This little article, published by the Chronicle Journal, talks about some of the ways to avoid having to call Mike Holmes with your own sad reno-nightmare. It's true, Mike gets many desperate pleas for help, but he's only able to reach a small portion of those who need him. As the article points out, a little bit of prevention is worth all the cure in the world. Research and education are the keys to a successful renovation, and rushing can only lead to disaster. When it comes to your home, take your time and do it right so that Mike doesn't have to come bail you out.
Long story short, the only time you want to call Mike Holmes is to invite him over for a beer, not to beg him for help.
Don’t call Mike Holmes
Tuesday, July 10, 2012
Holmes, the popular host of HGTV’s Holmes Makes It Right, makes a very good living fixing those messes. And he has no trouble finding people who have had horrible experiences in the wild west home renovation market. One episode features the show’s producer and director who say they have trouble choosing among so many sad stories. Many homeowners don’t know how badly they’ve been taken until Holmes and his crew pry apart houses to find shoddy workmanship done on the cheap.
What does it say about the renovation industry when a handyman can make a career out of undoing what others in his business have done so badly? It says that you cannot trust anyone who you ask for a price on repairing, renovating or improving your home without doing some serious research.
Do that and you will find the good people. Don’t and you will end up among scores, hundreds, thousands of Canadians left with cheap work intentionally done badly. Often, it’s because the person or business hired has taken on too many jobs at once. Juggling them all in a short Canadian building season means the date you were promised the job would be completed can come and go with much more left to do, at times meaning you cannot live in your own home yet. In order to finish your job and move on, corners are cut, then covered with drywall and plywood.
This newspaper annually directs angry, frustrated readers with renovation woes to the chamber of commerce (most small, private handymen aren’t members), the Better Business Bureau or their MPPs for possible help through consumer legislation. But, as Holmes often finds, these roads can lead nowhere and homeowners are left to take the matter to small claims court. Incredibly, these courts often find in favour of fly-by-night renovators who successfully argue that work was done. It’s a matter of opinion whether it’s quality work, and officers of the court do not come by to see how bad it can be.
That’s where Holmes comes in. Homeowners lucky enough to be selected for his expertise get huge reductions in the cost of the work left to do because those who end up doing it right get exposure on Holmes’ popular show. But in order to get there, one usually has to have spent their life savings and more with no end in sight to the job they thought they’d agreed to.

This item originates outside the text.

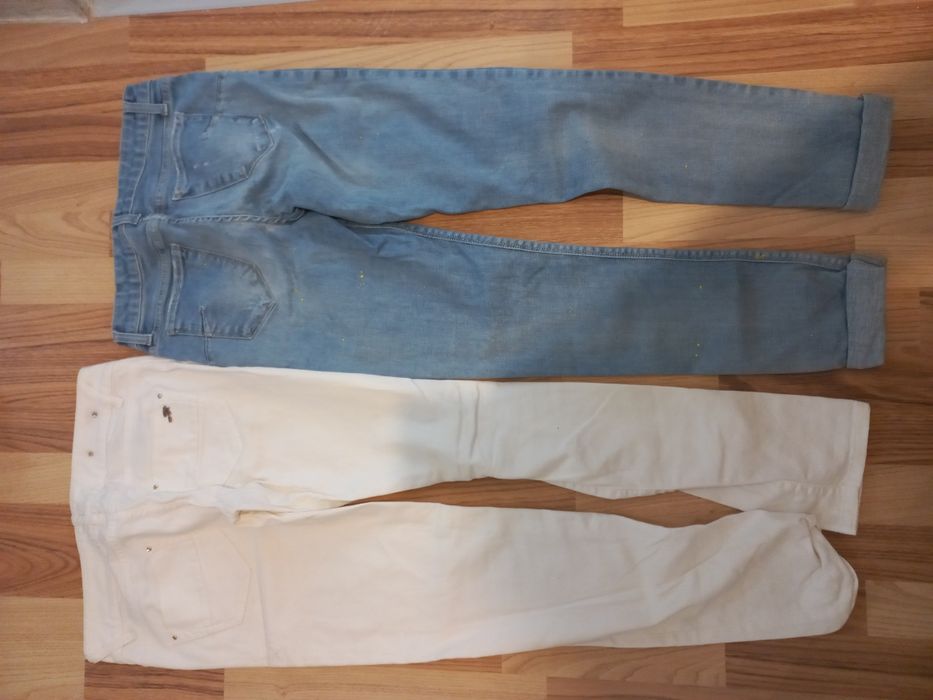 Blugi dama diferite firme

Holmes invariably finds work done badly, or dangerously, and his anger at those who soak homeowners and give his industry a bad name is palpable.
It can be exciting to plan and prepare for home improvements. But don’t rush into anything. Once you’ve talked to someone in this business, take a few days to think about it. Don’t sign anything on the spot. When you do, make sure it says what you want it to say.
Ask for and check references. The company can also be checked out with the chamber of commerce and Ontario’s Ministry of Consumer and Business Services.
Ask for a written estimate. Then get at least two more estimates from reputable businesses in your area. That big saving may be a sign of a deal too good to be true.
Have any proposed contract checked over by someone trustworthy — ideally, a lawyer — before signing it.
There are three columns of Renovations and Home Improvements listings in the Yellow Pages of the Thunder Bay phone book and more advertising in newspapers. Some have been around for years, which usually means they are trustworthy. Some are smaller, independent contractors anxious to do good work to make a name for themselves. Some may be crooks looking to take your money in return for the assurance of quality workmanship that is anything but.
Mike Holmes is a nice guy, but you don’t want to call him.